Janesville City Council sends ordinance back
Bruce Dennis, historic commission chairman, suggested the city's historic and plan commissions meet and hopefully iron out their differences.
The historic commission asked that an overlay district that exists in the Courthouse Hill Historic District be used downtown. The overlay allows the commission to deny exterior changes to buildings that require permits. It includes an appeal process that sends property owners to the plan commission and then to the city council.
The plan commission suggested the historic commission be asked to review exterior work but not have the power to deny it.
The goal of an overlay district is to preserve and protect an area's historic architectural elements. It assures all property owners within the district that others will protect their properties, proponents say.
James Dumke, commission member, said some property owners talk about the ordinance taking away their rights.
"This council regulates the use of property constantly" through zoning and other regulations, he said.
Rich Fletcher, a former historic commission member, said those who buy historic buildings must be stewards for them. He said it was a "deplorable act for the owners of 115 E. Court St. to demolish a historic building for no other reason than they feared a heavy hand of government."
Fletcher was referring to Terry Donaldson, Norm Weitzel and Fred Fox, who days ago tore down a historic building in anticipation the district ordinance would pass. Donaldson said he preferred the spot as a parking lot.
Nancy Johnson said the owners of the Brennan Steil law firm, 1 E. Milwaukee St., don't believe downtown property owners should have their rights "modified."
"This is a really bad economic time to be putting more restrictions on business owners," she said.
In other business Monday, the Janesville City Council:
-- Waived half the special event fees for Family Fun Fest, sponsored by Partners in Prevention.
The council just last year set policy requiring all organizations to pay fees except some specifically named in the policy. The council did so because more and more organizations asked the city to waive fees.
But the city must still pay the costs of equipment and labor, and waiving fees puts those costs on the backs of taxpayers. Now, the council appears to be going that route again, with the majority agreeing to waive an event fee of $120 and a $60 pavilion reservation fee. Partners in Prevention still must pay an equipment fee of $173.

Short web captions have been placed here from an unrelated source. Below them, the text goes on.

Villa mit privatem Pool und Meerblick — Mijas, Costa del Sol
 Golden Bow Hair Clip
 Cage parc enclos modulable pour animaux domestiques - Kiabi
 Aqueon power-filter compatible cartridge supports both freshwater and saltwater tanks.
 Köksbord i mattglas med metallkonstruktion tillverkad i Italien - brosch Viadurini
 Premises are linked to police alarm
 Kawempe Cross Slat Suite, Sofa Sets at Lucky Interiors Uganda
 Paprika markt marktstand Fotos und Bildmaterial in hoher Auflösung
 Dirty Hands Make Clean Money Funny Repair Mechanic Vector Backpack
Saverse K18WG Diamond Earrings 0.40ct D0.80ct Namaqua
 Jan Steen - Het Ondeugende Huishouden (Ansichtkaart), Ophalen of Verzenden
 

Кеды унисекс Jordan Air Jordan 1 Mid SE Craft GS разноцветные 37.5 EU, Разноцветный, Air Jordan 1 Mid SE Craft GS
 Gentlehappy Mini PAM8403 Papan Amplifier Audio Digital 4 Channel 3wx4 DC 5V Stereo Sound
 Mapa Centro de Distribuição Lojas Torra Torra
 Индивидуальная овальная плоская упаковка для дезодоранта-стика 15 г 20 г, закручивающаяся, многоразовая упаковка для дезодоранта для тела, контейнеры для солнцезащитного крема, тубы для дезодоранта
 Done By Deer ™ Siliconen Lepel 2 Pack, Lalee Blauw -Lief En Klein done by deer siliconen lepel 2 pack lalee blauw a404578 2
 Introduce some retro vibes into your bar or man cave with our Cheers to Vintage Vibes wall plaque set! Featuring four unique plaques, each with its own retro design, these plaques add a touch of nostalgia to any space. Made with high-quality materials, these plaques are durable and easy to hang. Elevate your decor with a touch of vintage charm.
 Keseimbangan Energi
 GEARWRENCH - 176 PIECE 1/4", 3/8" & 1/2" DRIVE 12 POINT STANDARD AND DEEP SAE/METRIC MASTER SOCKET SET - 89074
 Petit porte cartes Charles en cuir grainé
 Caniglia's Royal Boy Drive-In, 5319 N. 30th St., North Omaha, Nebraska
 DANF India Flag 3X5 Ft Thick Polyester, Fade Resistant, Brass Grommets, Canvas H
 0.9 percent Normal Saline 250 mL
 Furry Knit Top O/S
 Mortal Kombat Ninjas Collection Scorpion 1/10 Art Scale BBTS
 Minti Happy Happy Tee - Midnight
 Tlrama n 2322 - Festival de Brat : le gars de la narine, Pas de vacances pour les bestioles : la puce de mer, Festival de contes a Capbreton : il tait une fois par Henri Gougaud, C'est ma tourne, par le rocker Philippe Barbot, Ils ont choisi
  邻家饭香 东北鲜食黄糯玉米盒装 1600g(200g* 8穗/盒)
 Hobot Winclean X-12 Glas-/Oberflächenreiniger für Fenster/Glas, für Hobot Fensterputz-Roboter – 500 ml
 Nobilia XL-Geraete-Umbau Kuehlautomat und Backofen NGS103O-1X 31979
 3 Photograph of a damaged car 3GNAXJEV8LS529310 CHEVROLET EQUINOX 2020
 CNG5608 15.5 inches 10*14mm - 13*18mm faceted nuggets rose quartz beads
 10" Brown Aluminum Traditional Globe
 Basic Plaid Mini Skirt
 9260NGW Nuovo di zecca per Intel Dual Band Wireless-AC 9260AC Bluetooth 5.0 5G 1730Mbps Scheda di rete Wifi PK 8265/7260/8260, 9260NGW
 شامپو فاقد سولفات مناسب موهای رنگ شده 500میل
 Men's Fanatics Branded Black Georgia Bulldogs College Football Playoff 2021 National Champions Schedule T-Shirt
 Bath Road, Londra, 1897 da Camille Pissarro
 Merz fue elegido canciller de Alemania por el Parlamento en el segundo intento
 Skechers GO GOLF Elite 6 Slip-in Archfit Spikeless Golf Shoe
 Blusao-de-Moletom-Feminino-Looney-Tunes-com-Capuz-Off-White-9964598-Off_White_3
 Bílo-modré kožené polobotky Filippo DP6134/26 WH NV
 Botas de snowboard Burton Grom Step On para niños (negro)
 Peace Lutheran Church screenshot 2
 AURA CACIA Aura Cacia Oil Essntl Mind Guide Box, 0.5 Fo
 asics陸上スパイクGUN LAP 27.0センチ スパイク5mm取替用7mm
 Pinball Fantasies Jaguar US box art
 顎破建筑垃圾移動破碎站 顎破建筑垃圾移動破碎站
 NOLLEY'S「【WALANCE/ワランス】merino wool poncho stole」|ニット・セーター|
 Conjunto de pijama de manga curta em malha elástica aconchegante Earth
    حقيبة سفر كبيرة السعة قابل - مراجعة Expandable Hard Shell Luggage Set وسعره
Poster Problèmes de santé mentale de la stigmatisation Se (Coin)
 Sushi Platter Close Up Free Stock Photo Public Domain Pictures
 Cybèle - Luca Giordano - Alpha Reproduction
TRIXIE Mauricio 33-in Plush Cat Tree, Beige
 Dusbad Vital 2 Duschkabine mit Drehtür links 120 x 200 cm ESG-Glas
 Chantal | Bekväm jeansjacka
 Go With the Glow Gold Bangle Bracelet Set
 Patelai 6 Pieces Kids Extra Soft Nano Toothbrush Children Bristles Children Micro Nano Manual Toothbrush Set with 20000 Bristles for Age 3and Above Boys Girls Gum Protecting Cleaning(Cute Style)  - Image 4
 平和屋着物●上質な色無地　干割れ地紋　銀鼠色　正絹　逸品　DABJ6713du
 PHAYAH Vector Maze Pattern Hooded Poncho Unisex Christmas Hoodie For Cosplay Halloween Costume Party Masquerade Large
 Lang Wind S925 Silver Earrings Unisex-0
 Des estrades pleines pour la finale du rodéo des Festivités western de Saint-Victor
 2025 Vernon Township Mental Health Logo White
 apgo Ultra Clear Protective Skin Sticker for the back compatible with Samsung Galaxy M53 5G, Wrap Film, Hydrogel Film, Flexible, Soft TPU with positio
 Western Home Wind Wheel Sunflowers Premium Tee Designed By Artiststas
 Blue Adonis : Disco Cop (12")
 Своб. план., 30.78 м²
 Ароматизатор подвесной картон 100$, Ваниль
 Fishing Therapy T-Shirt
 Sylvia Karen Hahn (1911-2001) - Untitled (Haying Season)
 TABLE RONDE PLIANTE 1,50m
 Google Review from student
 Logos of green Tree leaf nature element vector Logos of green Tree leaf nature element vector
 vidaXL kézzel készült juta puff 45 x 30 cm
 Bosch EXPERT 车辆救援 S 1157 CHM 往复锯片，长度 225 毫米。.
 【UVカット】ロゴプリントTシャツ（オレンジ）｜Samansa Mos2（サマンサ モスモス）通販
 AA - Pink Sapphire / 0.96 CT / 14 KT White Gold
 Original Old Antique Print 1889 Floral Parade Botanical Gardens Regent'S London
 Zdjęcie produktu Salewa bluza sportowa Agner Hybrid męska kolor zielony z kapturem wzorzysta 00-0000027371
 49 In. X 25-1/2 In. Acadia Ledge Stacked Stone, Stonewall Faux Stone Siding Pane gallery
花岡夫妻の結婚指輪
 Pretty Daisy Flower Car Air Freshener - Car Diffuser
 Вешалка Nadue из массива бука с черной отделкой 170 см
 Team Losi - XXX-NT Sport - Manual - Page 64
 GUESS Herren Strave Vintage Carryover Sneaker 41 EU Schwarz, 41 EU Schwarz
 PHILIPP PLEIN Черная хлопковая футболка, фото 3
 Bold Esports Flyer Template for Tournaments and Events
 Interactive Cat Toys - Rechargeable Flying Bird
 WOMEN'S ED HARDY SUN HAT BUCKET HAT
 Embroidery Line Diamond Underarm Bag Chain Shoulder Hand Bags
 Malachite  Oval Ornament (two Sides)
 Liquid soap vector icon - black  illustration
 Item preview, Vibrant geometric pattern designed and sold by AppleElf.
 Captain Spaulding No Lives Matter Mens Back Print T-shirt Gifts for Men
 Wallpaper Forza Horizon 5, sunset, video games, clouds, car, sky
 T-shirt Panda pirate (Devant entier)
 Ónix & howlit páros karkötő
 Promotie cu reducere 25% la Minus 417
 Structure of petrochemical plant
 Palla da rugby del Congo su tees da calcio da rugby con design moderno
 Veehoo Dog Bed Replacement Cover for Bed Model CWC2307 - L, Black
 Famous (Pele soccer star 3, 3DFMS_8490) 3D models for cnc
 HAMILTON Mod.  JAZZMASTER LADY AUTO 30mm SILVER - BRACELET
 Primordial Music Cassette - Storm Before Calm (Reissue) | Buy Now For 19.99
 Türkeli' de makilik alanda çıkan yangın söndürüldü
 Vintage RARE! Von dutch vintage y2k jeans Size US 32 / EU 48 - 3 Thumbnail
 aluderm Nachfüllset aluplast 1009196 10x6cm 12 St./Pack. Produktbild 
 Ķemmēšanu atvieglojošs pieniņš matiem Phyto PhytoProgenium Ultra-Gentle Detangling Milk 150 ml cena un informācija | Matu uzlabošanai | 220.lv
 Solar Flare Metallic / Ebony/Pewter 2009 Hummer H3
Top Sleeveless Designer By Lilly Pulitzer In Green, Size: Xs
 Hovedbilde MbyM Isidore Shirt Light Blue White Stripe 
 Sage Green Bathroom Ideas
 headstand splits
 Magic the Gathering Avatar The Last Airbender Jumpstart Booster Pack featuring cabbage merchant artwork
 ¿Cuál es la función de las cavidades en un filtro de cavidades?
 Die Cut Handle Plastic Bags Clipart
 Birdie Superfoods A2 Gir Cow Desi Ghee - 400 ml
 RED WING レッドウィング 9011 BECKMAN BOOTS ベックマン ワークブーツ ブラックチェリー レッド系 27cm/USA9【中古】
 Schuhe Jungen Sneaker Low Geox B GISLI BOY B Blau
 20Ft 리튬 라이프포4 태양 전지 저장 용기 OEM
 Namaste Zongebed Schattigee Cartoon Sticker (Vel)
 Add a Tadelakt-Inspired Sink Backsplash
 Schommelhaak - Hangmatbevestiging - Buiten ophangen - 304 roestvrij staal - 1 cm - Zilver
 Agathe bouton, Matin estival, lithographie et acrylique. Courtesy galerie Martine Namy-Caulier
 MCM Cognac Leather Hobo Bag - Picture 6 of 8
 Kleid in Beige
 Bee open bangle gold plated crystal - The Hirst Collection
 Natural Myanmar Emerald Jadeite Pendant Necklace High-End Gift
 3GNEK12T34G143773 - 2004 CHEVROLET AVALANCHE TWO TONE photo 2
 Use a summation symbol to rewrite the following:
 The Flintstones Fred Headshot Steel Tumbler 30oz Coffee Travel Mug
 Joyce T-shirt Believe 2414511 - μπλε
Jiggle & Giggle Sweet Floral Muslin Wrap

Councilman Russ Steeber was the lone vote against waiving half of the fees and preferred instead to waive all of them.
-- Voted unanimously to allow Sneakers Sports Bar & Grill, 1221 Woodman Road, to install lights for outside volleyball. The council did, however, not approve a request to allow volleyball to be played until 10 p.m. Games will continue to be cut off at 9 p.m.
Several neighbors had complained because they worried about the lights and the disruption.